But it's not exactly safe to entrust your copy of the Constitution to Hillary Clinton, either. You might get it back with some parts missing or mutilated -- like the First Amendment and the Second.
When it comes to gun rights, Clinton has taken a position appreciably to the left of Barack Obama's. From his first presidential campaign, he has assured gun owners he respects their cherished prerogatives and would never take away their weapons.
When the Supreme Court issued its landmark 2008 decision in D.C. v. Heller, he applauded it. "I have always believed that the Second Amendment protects the right of individuals to bear arms," Obama said.
Not Clinton. When asked in June whether she endorses that interpretation, she conspicuously declined to do so. "For most of our history, there was a nuanced reading of the Second Amendment, until the decision by the late Justice Scalia," she groused.
Asked whether she agrees "that an individual's right to bear arms is a constitutional right," Clinton replied, "If it is a constitutional right, then it, like every other constitutional right, is subject to reasonable regulations." If?
In her final debate with Trump, Clinton was asked again about the Heller decision. She reiterated her opposition, insisting that "what the District of Columbia was trying to do was to protect toddlers from guns, and so they wanted people with guns to safely store them." She eventually said, "I also believe there's an individual right to bear arms."
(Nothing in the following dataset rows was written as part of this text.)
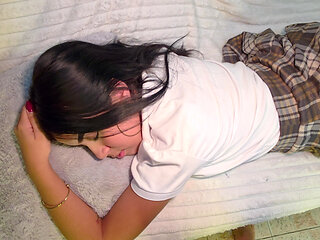 Stepdad finds his uniformed stepdaughter and stops her cock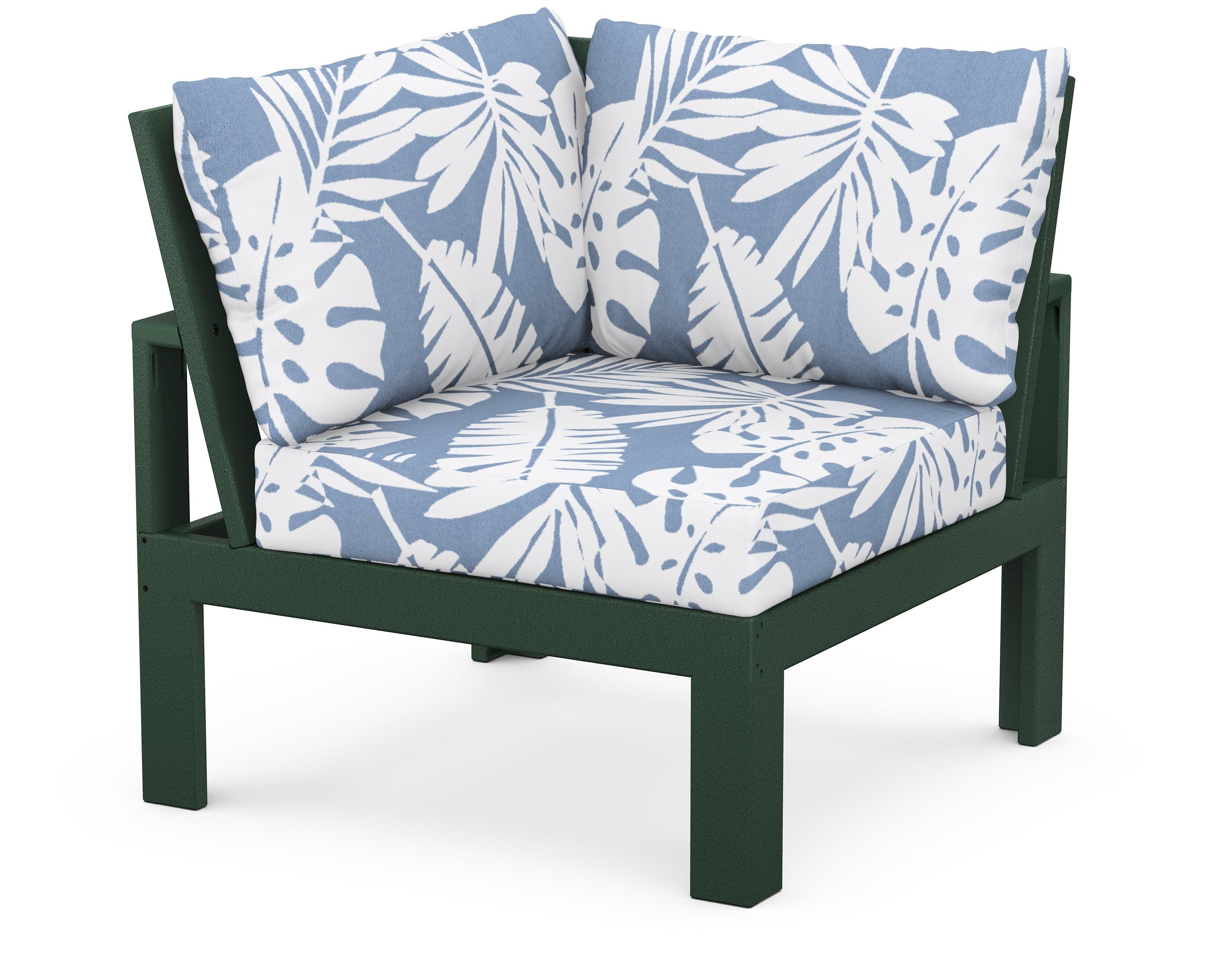 Unbranded Modular Corner Chair in Green / Leaf Sky Blue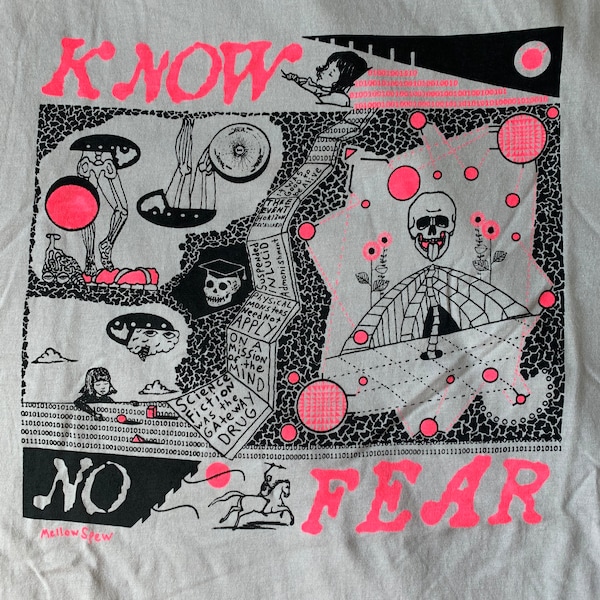 Doodle de science-fiction Know/No Fear imprimé à la main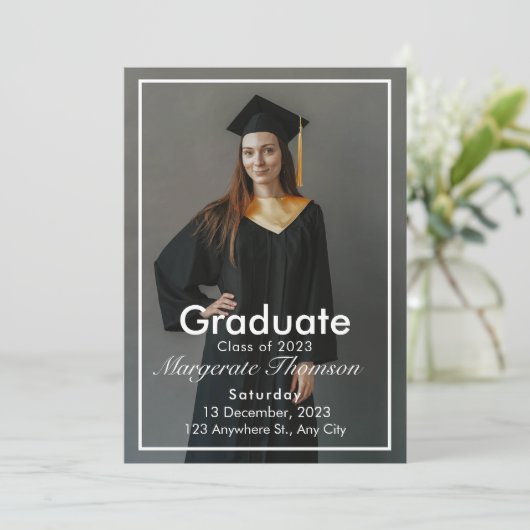 Elegant chique typografie afstudeerfeest kaart (Staand voorkant)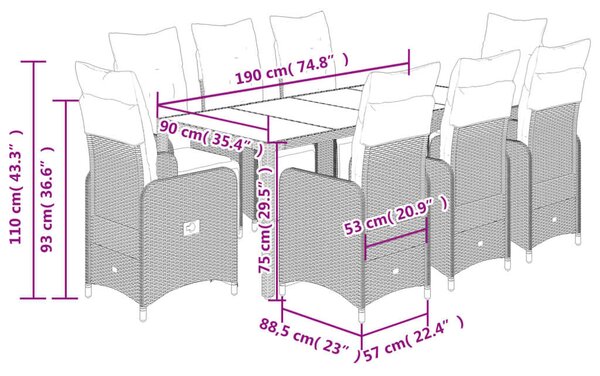 VidaXL 8 Személyes Polyrattan Kerti Bútor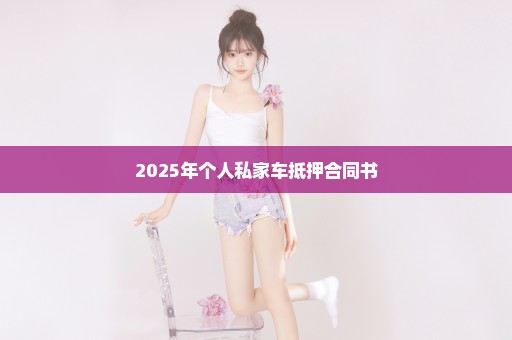 2025年个人私家车抵押合同书
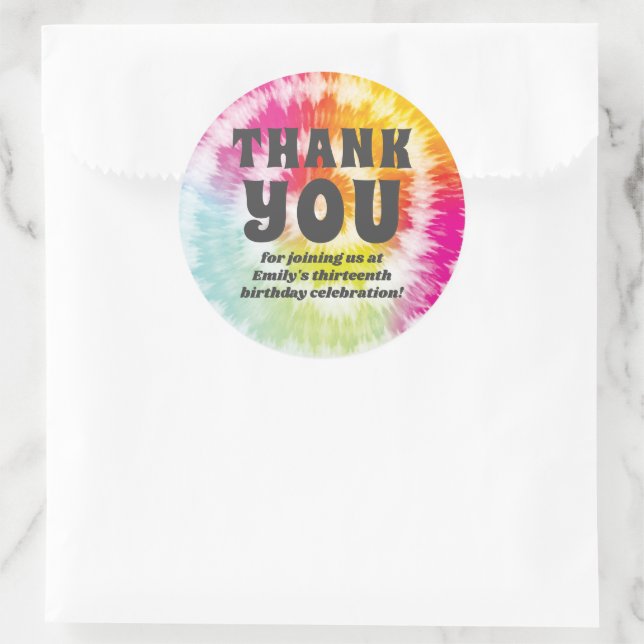 Tie-Dye Birthday Classic Round Sticker (Bag)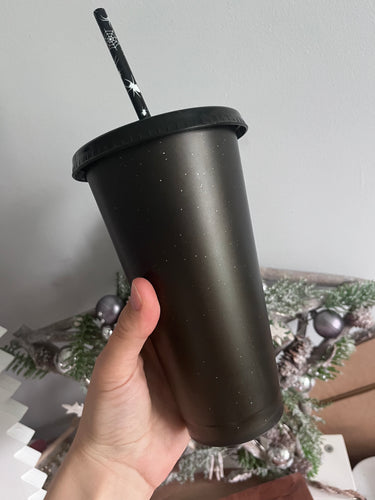 SAMPLE. Personalised black glitter cup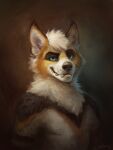  3:4 anthro black_nose blue_eyes canid canine canis domestic_dog ears_up fur hair hi_res hyaenid looking_at_viewer male mammal neutral_face orange_body orange_fur portrait solo teeth trunorth white_body white_fur white_hair 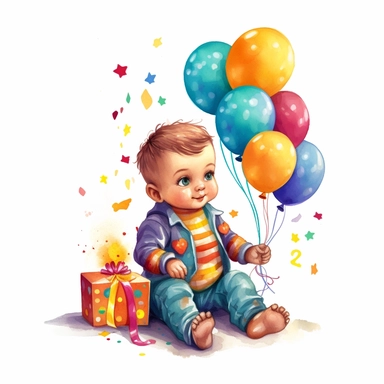 cute one year old baby first birthday clipart, single clipart, high resolution, vibrant colors, 8k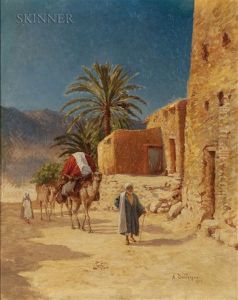 Orientalist Landscape With Man And Laden Camels
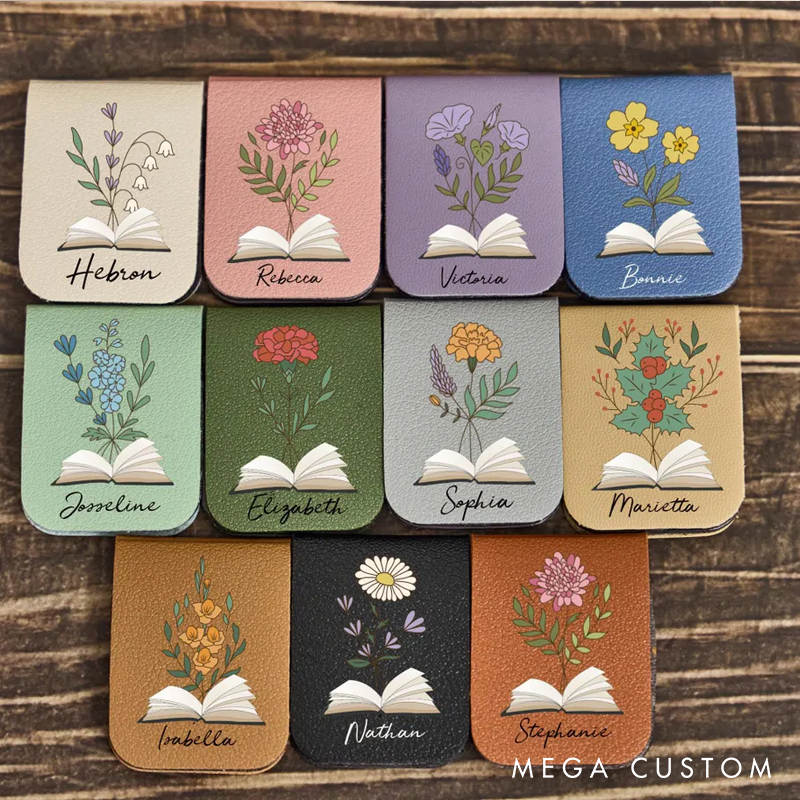 Personalized Birth Flower Magnetic Bookmark A Meaningful Book Lover Gift for Women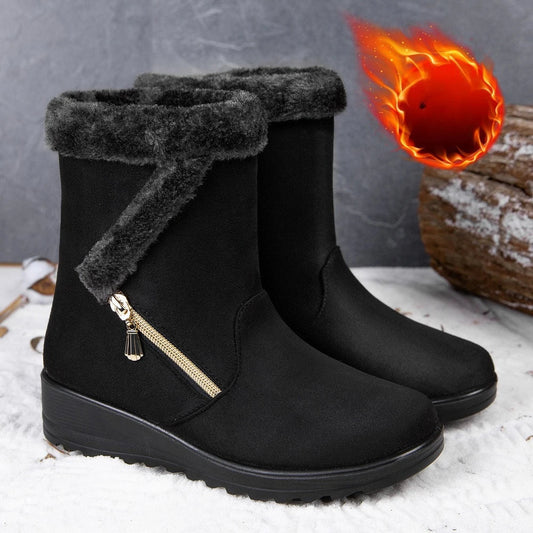 Women's black UpTrend Deals winter fashion boots with faux fur cuff, gold zip, wedge heel on Tampa Home & Garden Store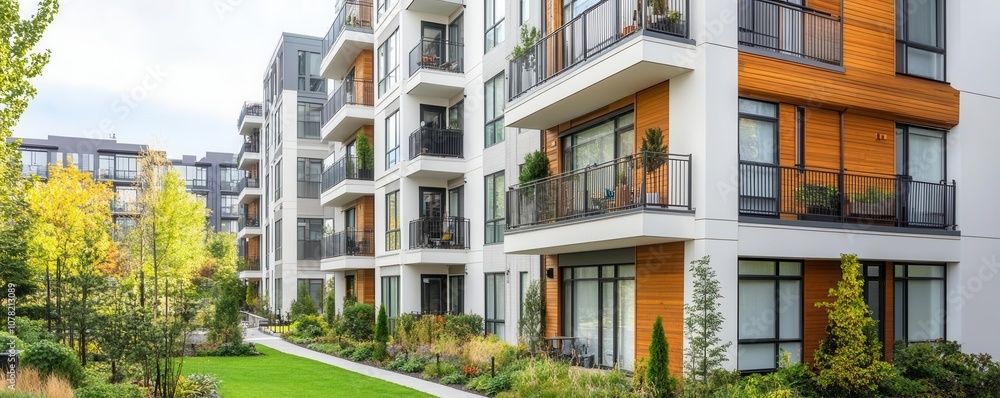 Upscale condominiums near parks, symbolizing desire for accessible green spaces Upscale condominiums near parks, symbolizing desire for accessible green spaces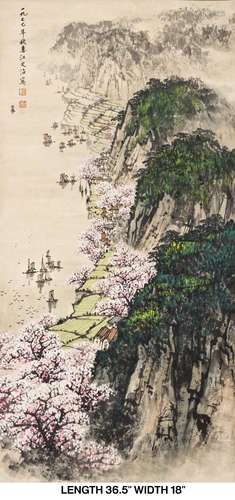 A CHINESE SCROLL PAINTING OF LANDSCAPE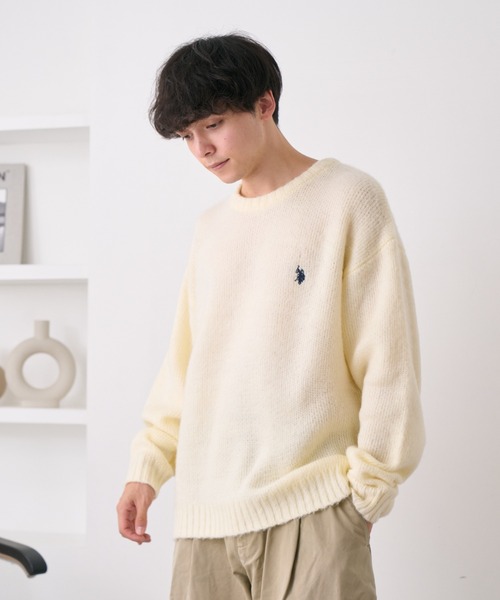 U.S. POLO ASSN.（ユーエスポロアッスン）の「U.S. POLO ASSN./ユーエスポロアッスン クルーネックワンポイントシャギーニット（ニット/セーター・レディース・レッド/アイボリー/ダークブルー/ベージュ/ネイビー・L/M）」の16枚目の写真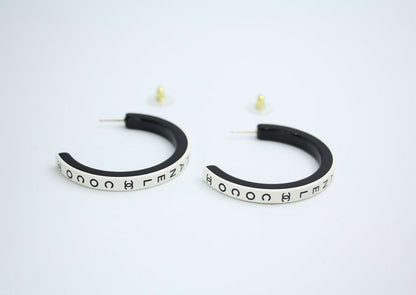 Chanel B22S Resin White Curved COCO Mark Hoop Stud Earrings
So Clinton rejects the Supreme Court decision that established constitutional protection for that right -- but now agrees the right has constitutional protection? As former Federal Reserve Chairman Alan Greenspan once said, "If I seem unduly clear to you, you must have misunderstood what I said."
She and Obama both favor universal background checks for gun purchases, a ban on "assault weapons" and denying guns to anyone on the federal no-fly list. But her cramped view of the Second Amendment suggests she would favor additional curbs that she knows the Supreme Court would not abide.
Clinton seems to think that a new justice or two might set the Second Amendment right. On the First Amendment, however, she sees the Supreme Court as a lost cause.
Her target is the 2010 Citizens United decision, which established the right of corporations and labor unions to participate in electioneering. In the debate, she said it "has undermined the election system in our country because of the way it permits dark, unaccountable money to come into our electoral system."
But all the decision did was to prevent the government from suppressing speech about political matters. The justices noted that under the law it struck down, it would be a felony for the Sierra Club, within 60 days of a general election, to run an ad urging "the public to disapprove of a Congressman who favors logging in national forests." The court ruled that speech doesn't lose protection merely because it comes from corporations -- a category that includes many advocacy groups.
Such expression would be censored if Clinton had her way. She proposes a constitutional amendment to overturn the decision -- which would be the first time in our history that the Bill of Rights would be altered to restrict our freedoms.
The idea has drawn opposition from the American Civil Liberties Union, which says, "Our system of free expression is built on the premise that the people get to decide what speech they want to hear; it is not the role of the government to make that decision for them."
Her alarms about "dark money" -- contributions to politically active groups that don't have to reveal their donors -- are misplaced. In the 2014 campaign, 77 percent of political spending was fully disclosed, according to the Center for Responsive Politics, up from 45 percent in 2010.
What Clinton omits is that Congress could require more transparency from these groups if it wanted to. The Citizens United decision doesn't forbid such regulation. The obstacles are political. But the same obstacles stand in the way of her constitutional amendment.
Trump and Clinton make me miss Al Gore's famous Social Security lockbox. Over the next four years, it would be the perfect place to keep the Constitution.